Source : La Puissance et la Foi, essais de théologie politique, par Alain de Benoist, éditions Pierre-Guillaume de Roux.
Contredisant ceux
qui pensent que la doctrine du péché originel est foncièrement pessimiste, un
auteur comme George Steiner souligne au contraire « l’optimisme » des
théologies juive et chrétienne, ce qui l’amène à attribuer à leur influence
sécularisée la disparition de l’esprit tragique à l’époque moderne.
Pour les Grecs,
explique-t-il, la tragédie implique que les forces qui mettent en forme ou qui
détruisent nos existences échappent à la fois aux lois de la justice et de la
raison.

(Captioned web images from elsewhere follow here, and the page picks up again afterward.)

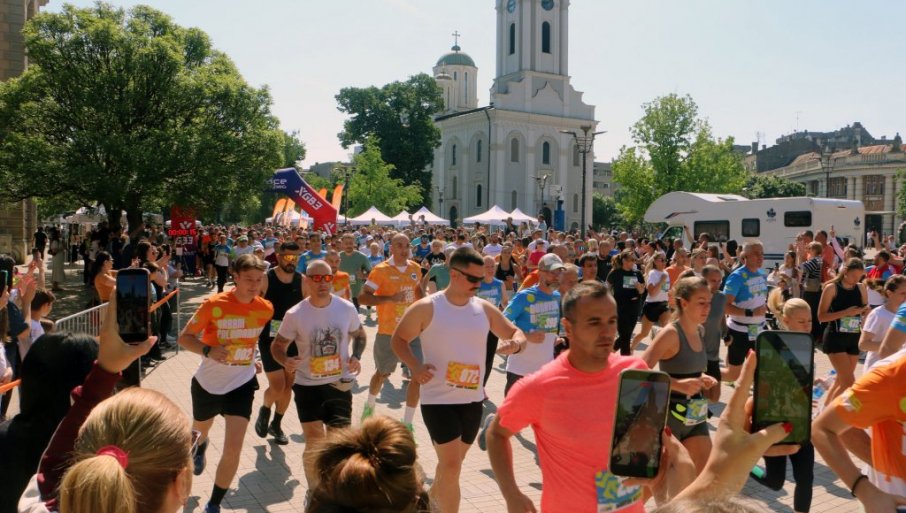 „DUNAVSKA DESETKA“ I „URBANI POLUMAARTON“ ODRŽANI U SMEDEREVU: Učestvovalo više stotina trkača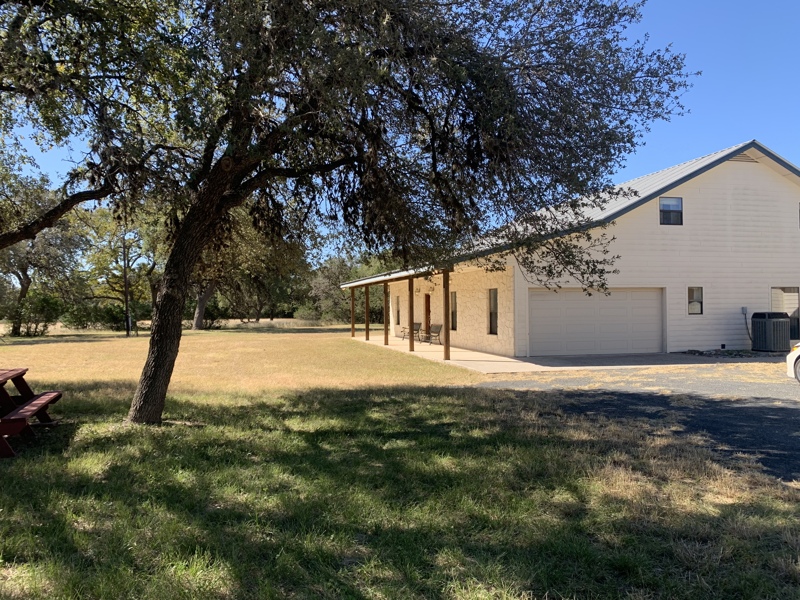 land_listings's tweet photo. Utopia, TX | $1,430,000 | 21.76 Acres | Little West Sabinal River Ranch https://t.co/wMH6QwRqlF #Texas #HUDhome #makememove#foreclosure #househunting https://t.co/O6rjSYwy0D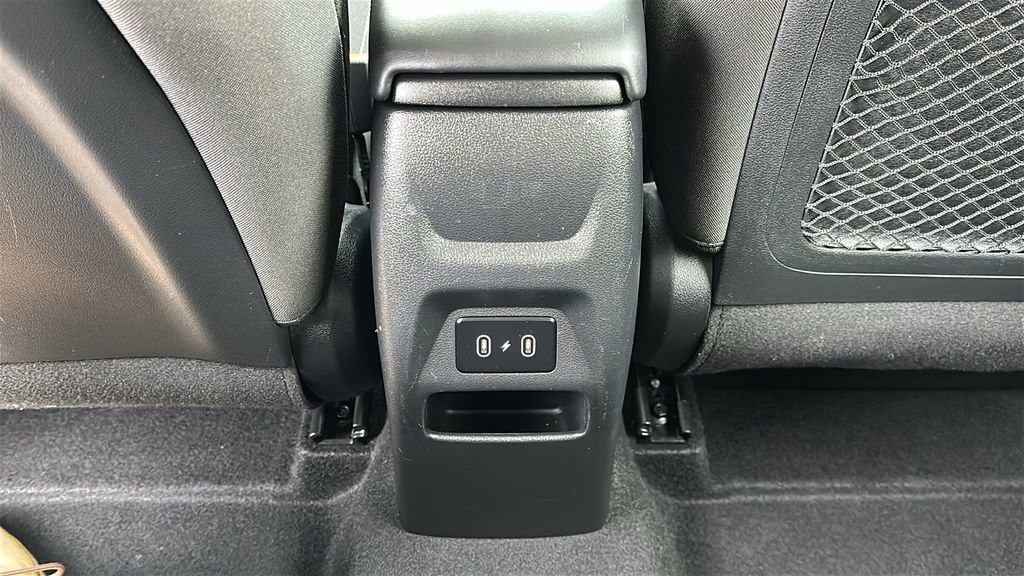 Certified 2025 Hyundai Venue SEL image 31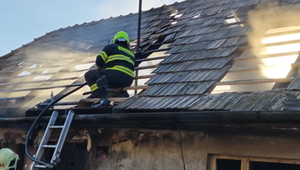 Požiar pohltili prístavbu rodinného domu. Spôsobil ho psychicky chorý muž?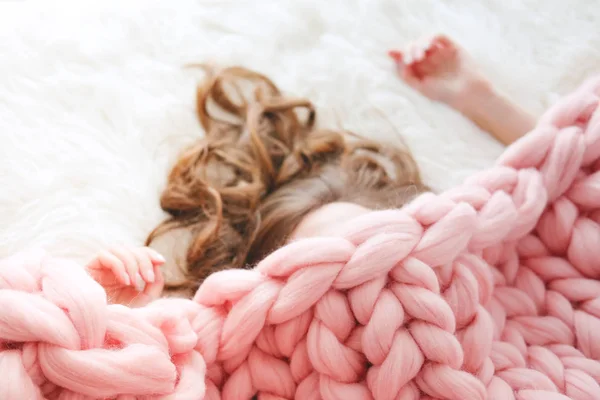 Junge Frau Mit Langen Braunen Haaren Schläft Unter Einer Warm — Stockfoto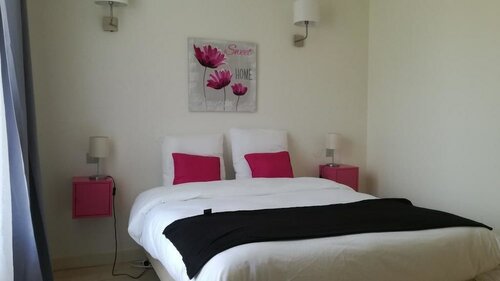 Le Malatras, Book Hotel Hoteller i Rhône-Alps med parkering, Parkering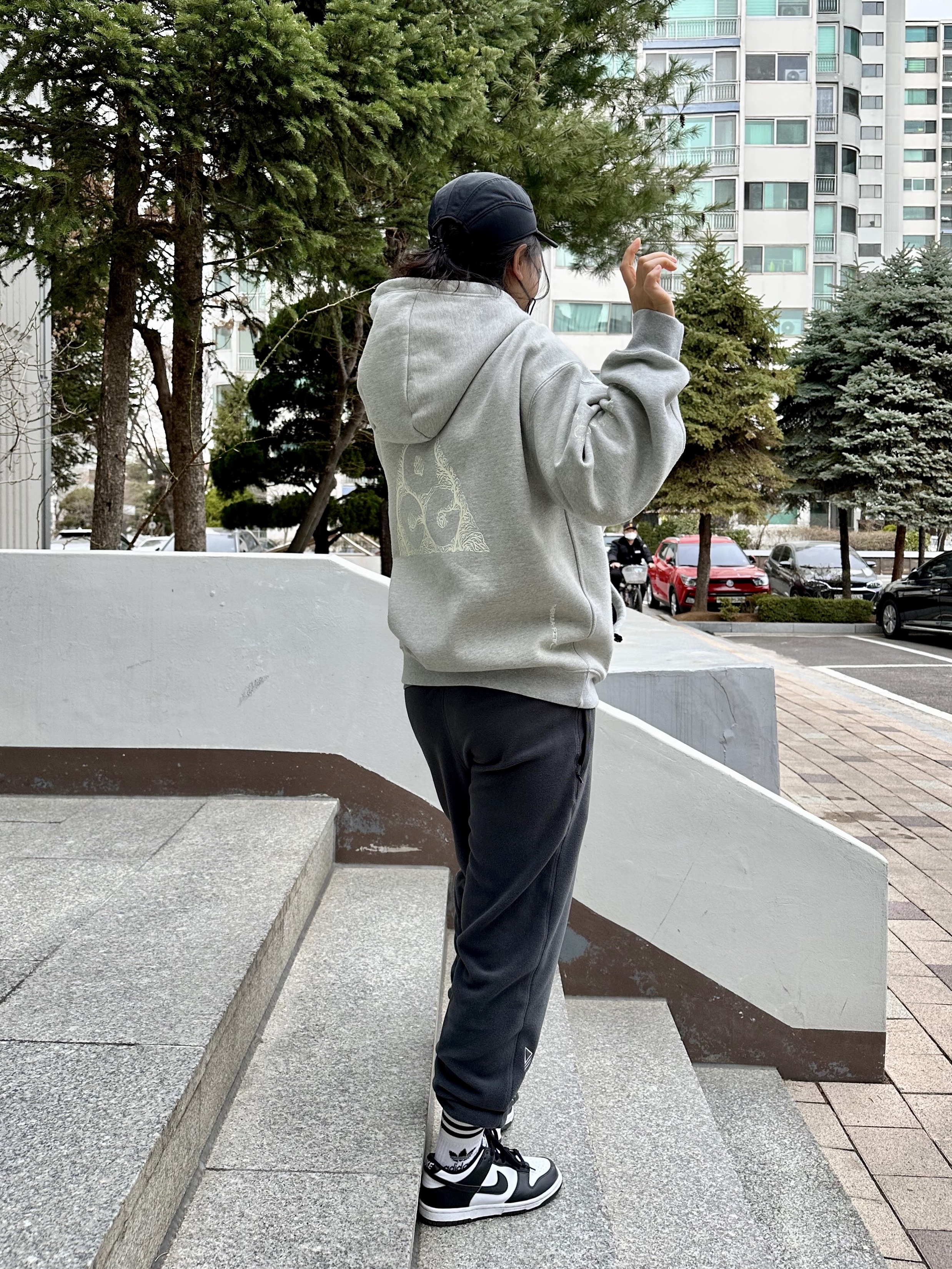 Nike NRG ACG Tailwind Cap Black, Nike ACG Therma-Fit Fleece Full Zip Hoodie Airora Grey Heather - Asia 착용 스타일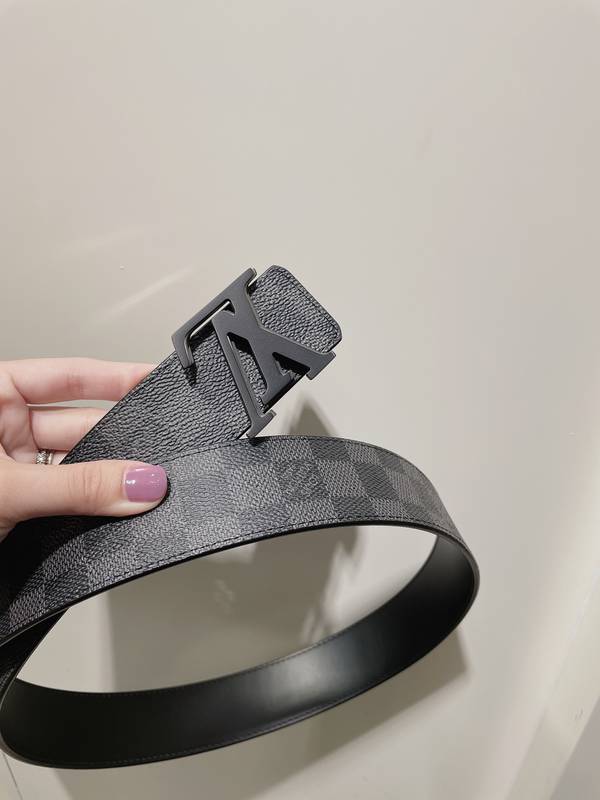 Louis Vuitton 40MM Belt LVB00371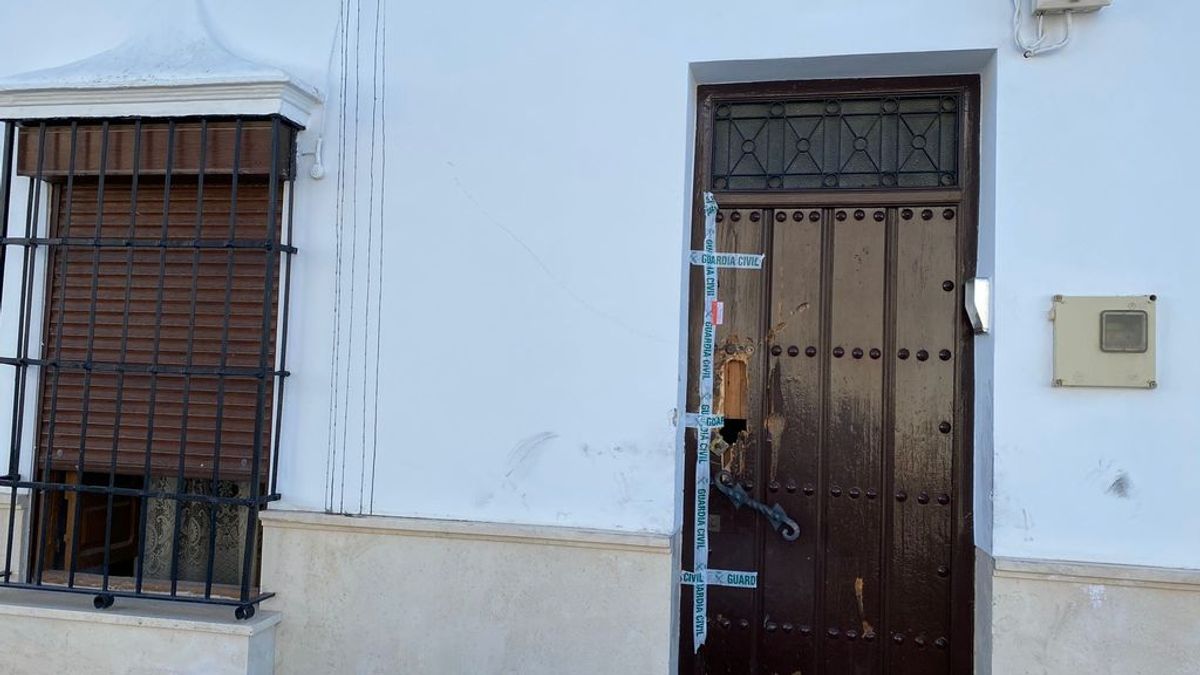 Muere un joven de 28 años y su padres resultan herido de gravedad en un incendio en Sevilla Muere un joven de 28 años y su padres resultan herido de gravedad en un incendio en Sevilla
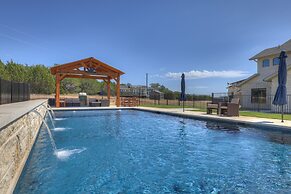 Luxurious Hill Country Retreat With Pool and Firepit!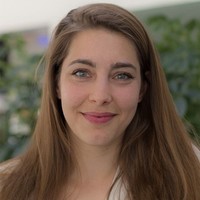 Anna Serraris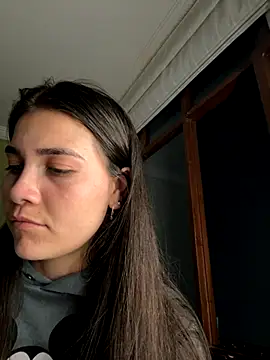 Snapshot of aurora_divine chatting on October 16, 2025, 11:02 pm aurora divine online show from October 16, 2025, 11:02 pm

La tragédie grecque est en ce sens profondément pessimiste car le
destin dépend de forces incontrôlables. Pour les Juifs et les Chrétiens, au
contraire, l’ordre naturel est accessible à la raison et Dieu ne se comporte
pas de façon absurde. Job souffre de mille maux, mais il est finalement
récompensé par Dieu. Le Christ est crucifié, mais il est ressuscité, etc.
Le même optimisme
se retrouve dans la pensée des Lumières, dans le libéralisme et dans le
marxisme. La modernité est fondamentalement anti-tragique parce qu’elle est
optimiste, d’autant plus qu’elle est portée par l’idéologie du progrès. À
l’époque moderne, la tragédie a été remplacée par le drame, sinon par le
mélodrame…
Depuis le début des années 1960, Steiner est revenu sur cette problématique. Il affirme notamment que le « péché originel » n’est pas une catégorie tragique dans la mesure même où il laisse entrevoir une possibilité de rédemption. « Ce que j’appelle au contraire tragédie absolue, écrit-il, ne postule pas seulement la Chute… Elle suppose aussi, explicitement ou implicitement, l’intuition qu’aucune réparation de type messianique ou christologique n’interviendra jamais. Il n’y a pas de felix culpa mais seulement l’éternité de la faute et de la malédiction, mais aussi l’éminente dignité de l’homme qui refuse de se pardonner lui-même ou de pardonner la peine qu’il a subie. »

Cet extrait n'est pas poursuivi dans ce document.